Why are plurigenera birational invariants? Let $X$ be a variety over an algebraically closed field $k$ and let $\Omega_X^n=\bigwedge_{i=1}^n\Omega_X$, where $\Omega_X$ is the canonical bundle.
I'm trying to understand the well-known fact that plurigenera $P_n:=h^0(X,\Omega_X^n)$ are birational invariants.
For convenience, I'll write invertible sheaves as divisors, so $\Omega_X$ will be replace by the canonical divisor $K_X$.
Let $\varphi:X\dashrightarrow Y$ be a birational map. My fist idea was to prove that for every divisor $D\in\text{Div}(Y)$ we should have $h^0(X,\varphi^*D)=h^0(Y,D)$, which is the same as finding an isomorphism of $k$-vector spaces $\Gamma(Y,D)\simeq \Gamma(X,\varphi^*D)$, which I'm not sure can be done.

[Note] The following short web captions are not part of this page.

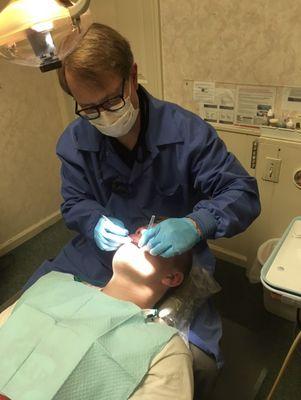 Owner Dr. John G. Robertson Working On A Patient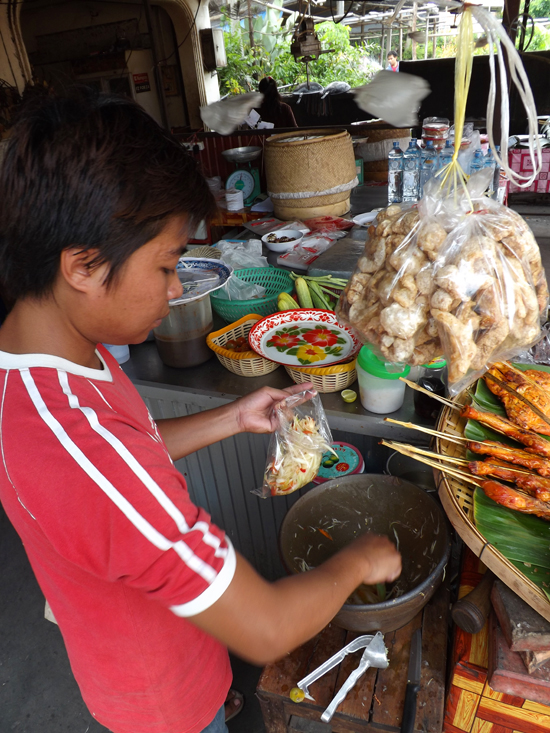 Road-side papaya salad is sold in small plastic bags. Denser than lettuce, a little goes a long way.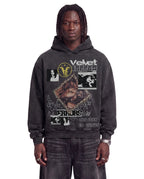 Black Feral Hoodie by Velvet Errors displayed on a person, showcasing the relaxed fit and stylish design of the hoodie.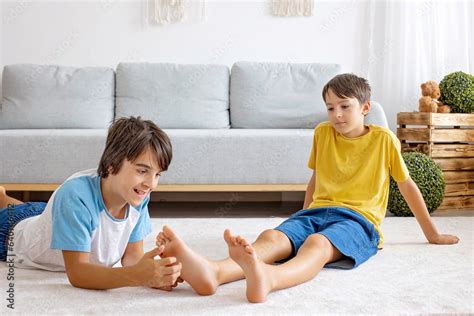 Happy positive children, tickling on the feet, having fun together, boy brothers at home having ...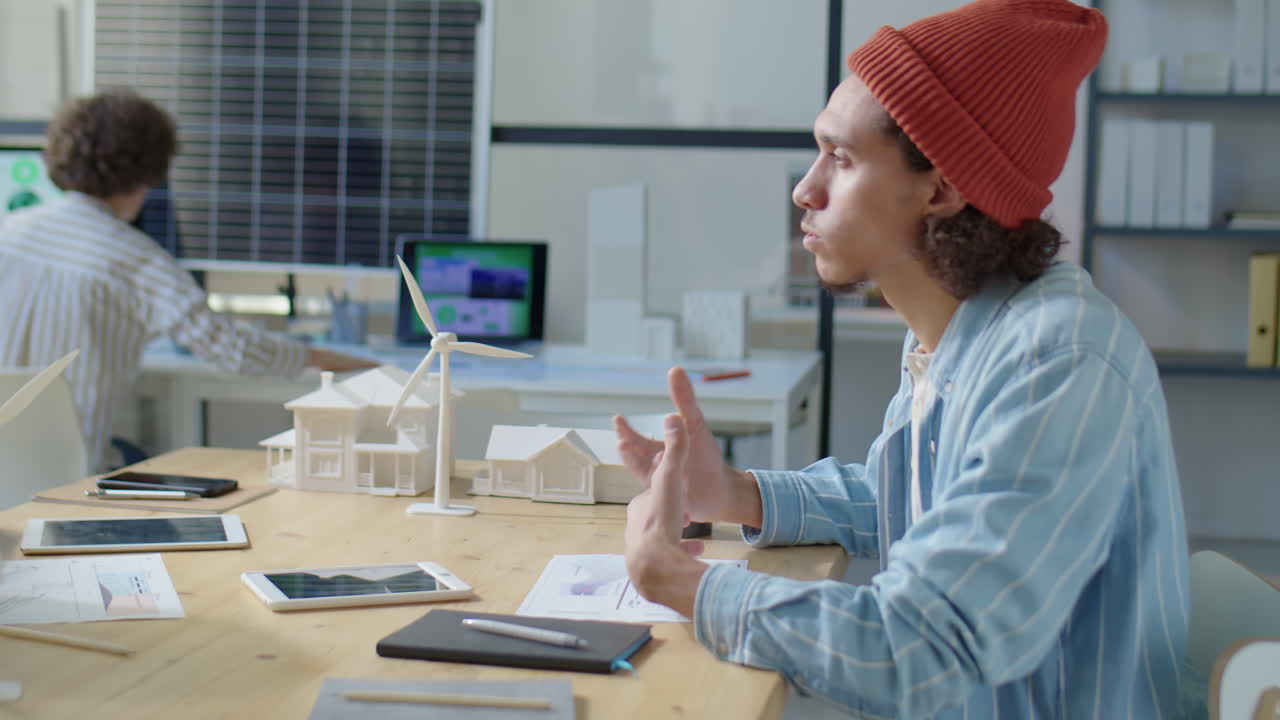 Male Engineers Discussing Renewable Energy Project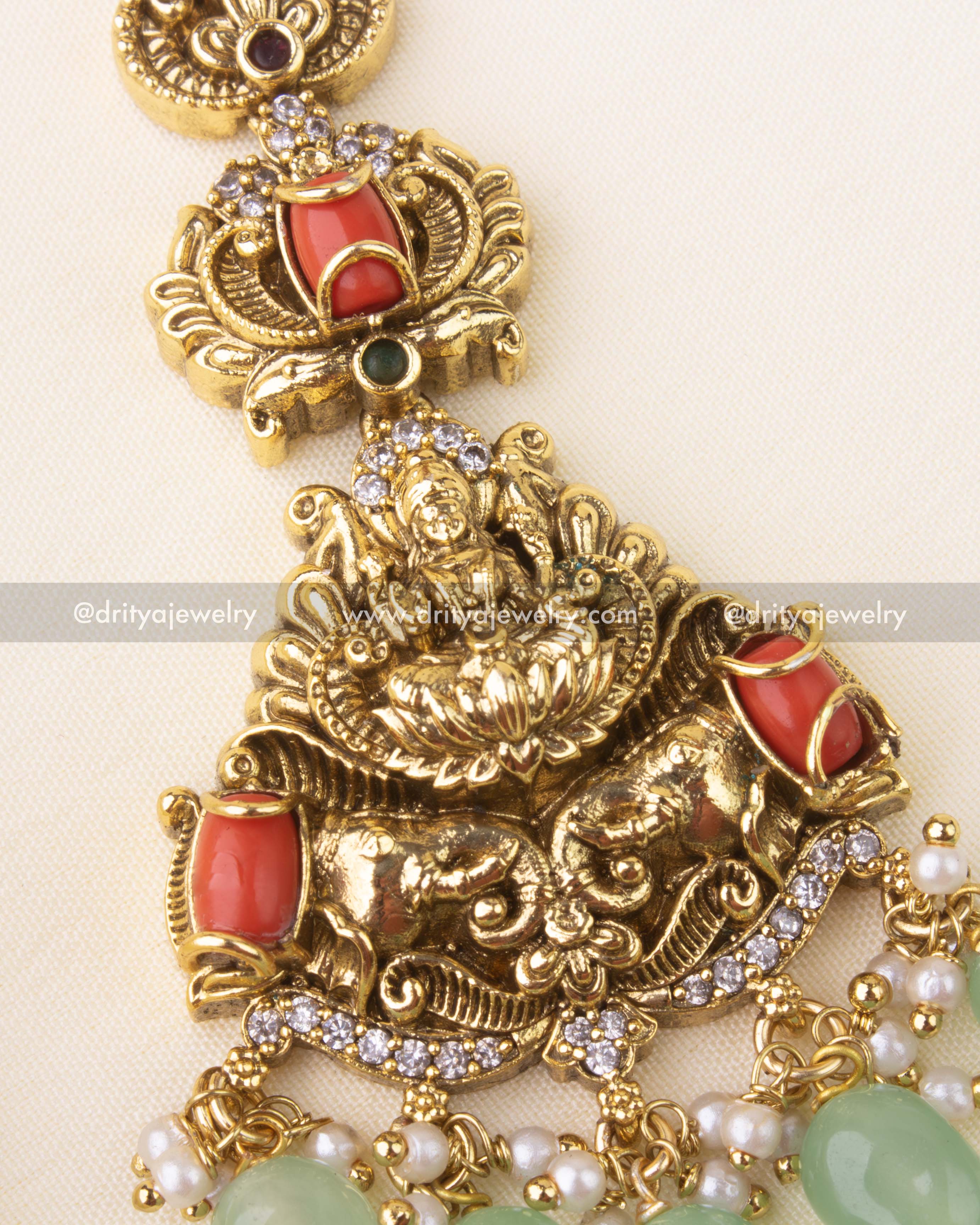 Detailed view of temple-style maang tikka with Lakshmi Devi, coral stones, and green bead drops.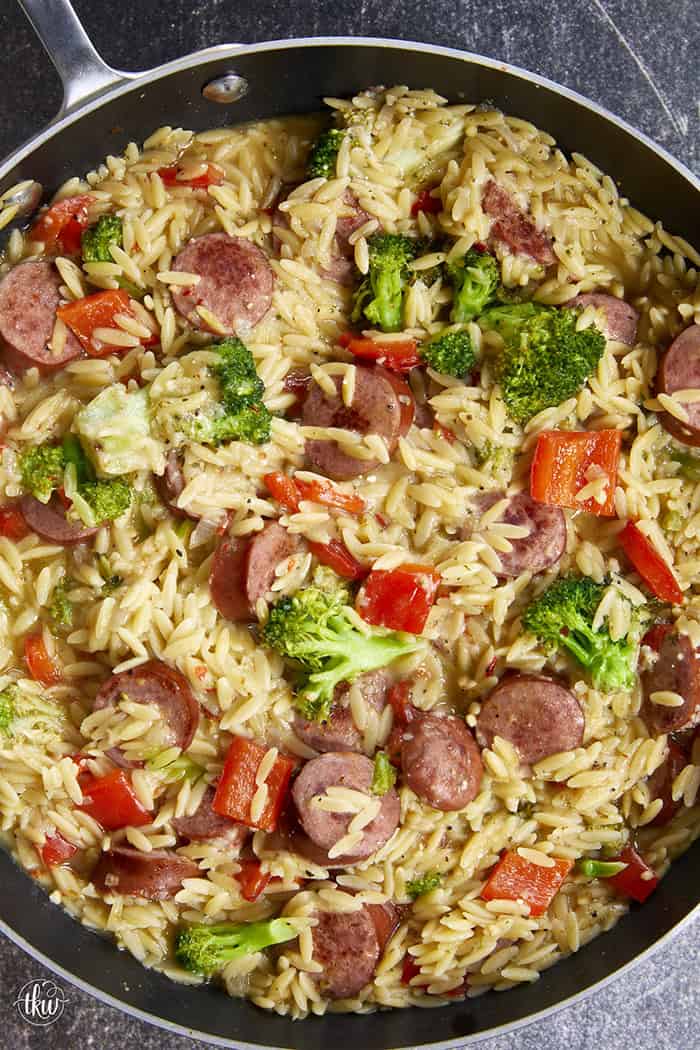 20-minute weeknight dinner made in just ONE skillet! This Sausage Broccoli Orzo combines smoky kielbasa, tender broccoli, and a velvety Parmesan herb sauce—no heavy cream needed. Perfect for busy nights and meal prep! #thekitchenwhisperer #20minutemeals #onepanmeals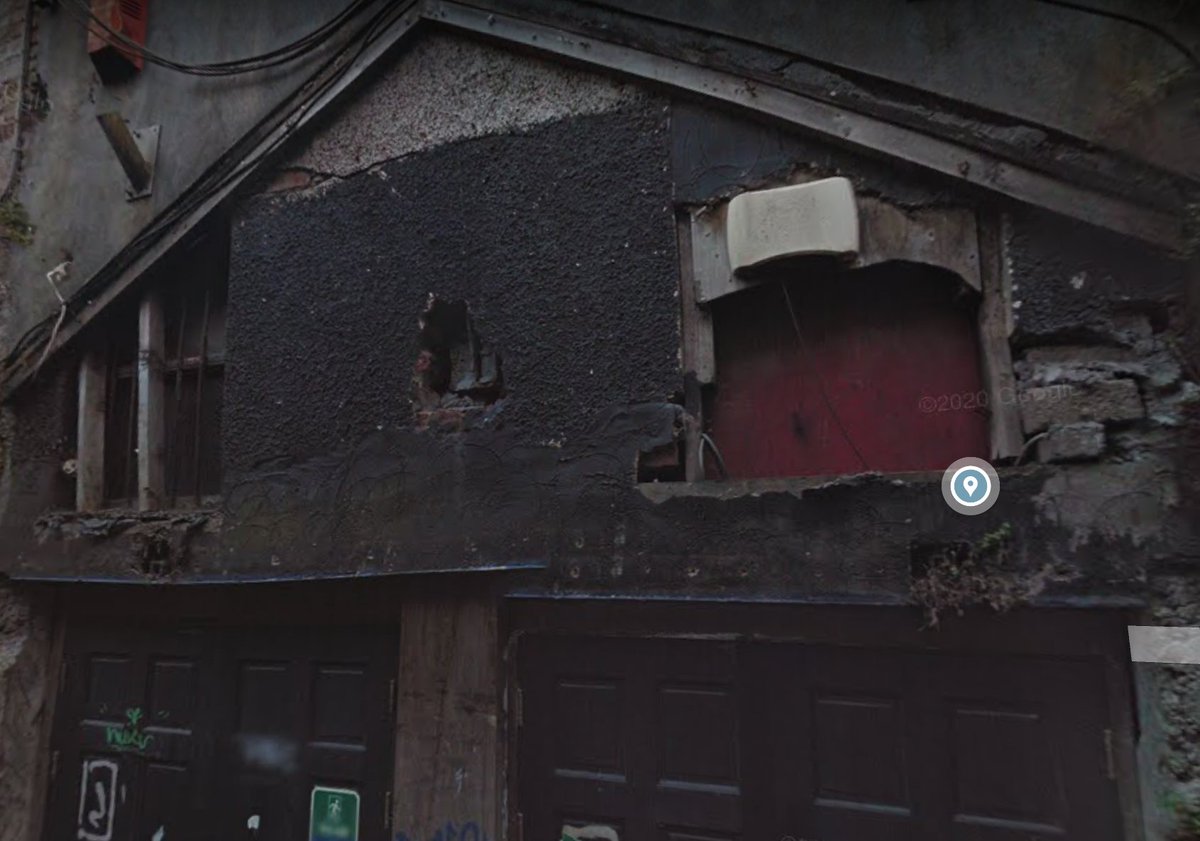 this is a really weird one, picture a historic lane right in the centre of Cork citywith this building in it crumbling for at least 6 years ( @googlemaps RHS, 2014)one positive, it looks like a much needed tree is growing out of it No. 134  #respect  #regeneration  #economy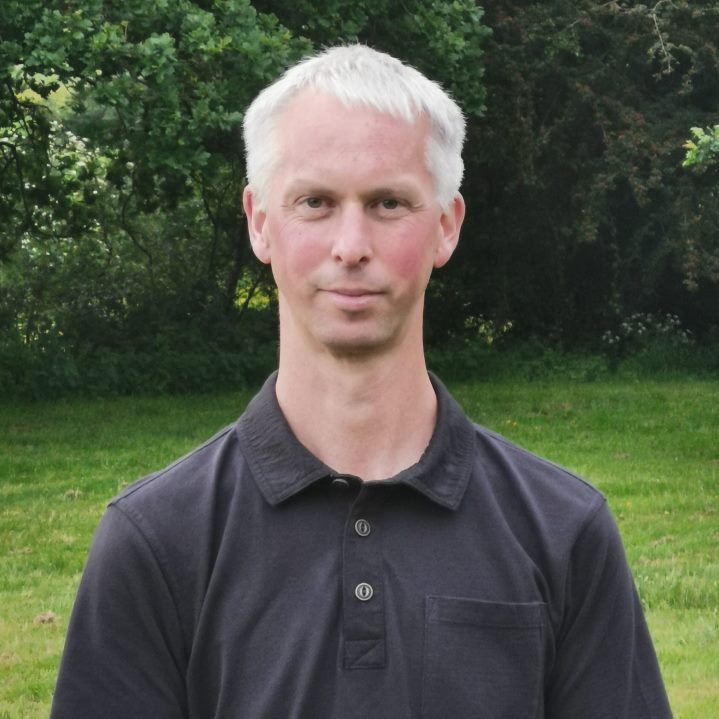 A close-up photo of a middle aged Caucasian man standing in a field wearing a black polo shirt smiles for a photograph, behind him are several trees.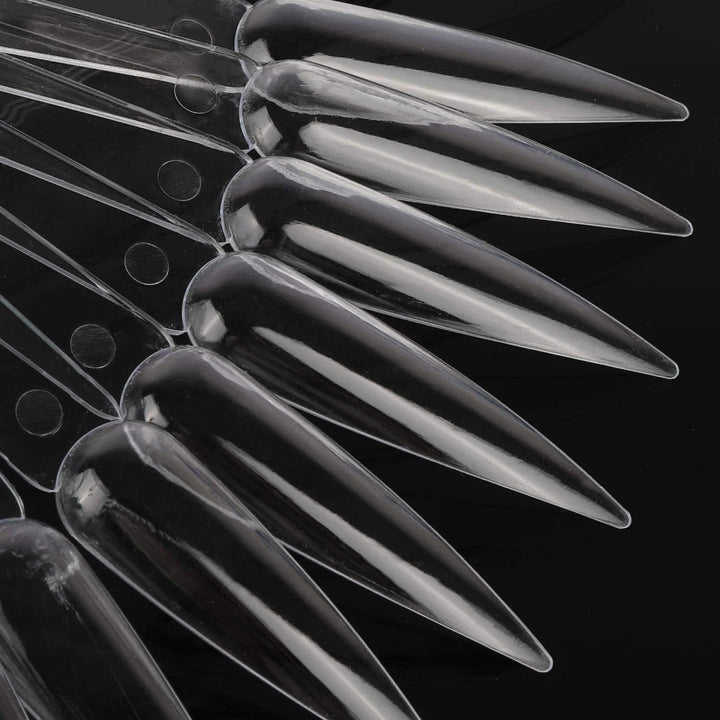 Clear artificial nail practice tips on a display ring, ideal for nail art design & manicure training for all skill levels.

Maybe this is true when $D=K_Y^n$, but I'm also not sure. For example, suppose $X,Y$ are smooth surfaces and $\varphi$ is the blowup at a point with exceptional divisor $E$ and $D=K_Y$. In this case $K_X=\varphi^*K_Y+E$, and I don't know what to do with $E$.
Any help will be appreciated. Thank you!
 A: I had a quick look at Beauville's book "Complex Algebraic surfaces" where a proof for surfaces is given Proposition 3.20, I think I got a feeling for the crux of argument. Lets restrict to surfaces first, note that it is only neccesary to check it for point blow-ups.
Let $Y \rightarrow X $ be the a blow-up at $p \in X$. Note that there is a zariski open subset in $Y$ that is isomorphic to $X \setminus p$. Suppose we have a differential form on $Y$, then we get a form on $X \setminus p$. This section can be extended to a rational section on $X$ (by a general fact which holds for any coherent sheaf). but the singularities of a rational section are always a divisor, so it is in fact a section. Then one may check that the morphism defined in this was is in fact injective, i.e. if two differential forms agree on a zariski open then they agree everywhere. This is just a fancy version of the identity theorem from complex analysis.
Now for higher dimensional, there is a theorem that birational varieties may be blown up along sequences of smooth centres with codimension at least $2$ to get a common variety. Then because the codimension is atleast $2$ we can apply the above argument; i.e. producing a rational section then seeing it has to be an actual section.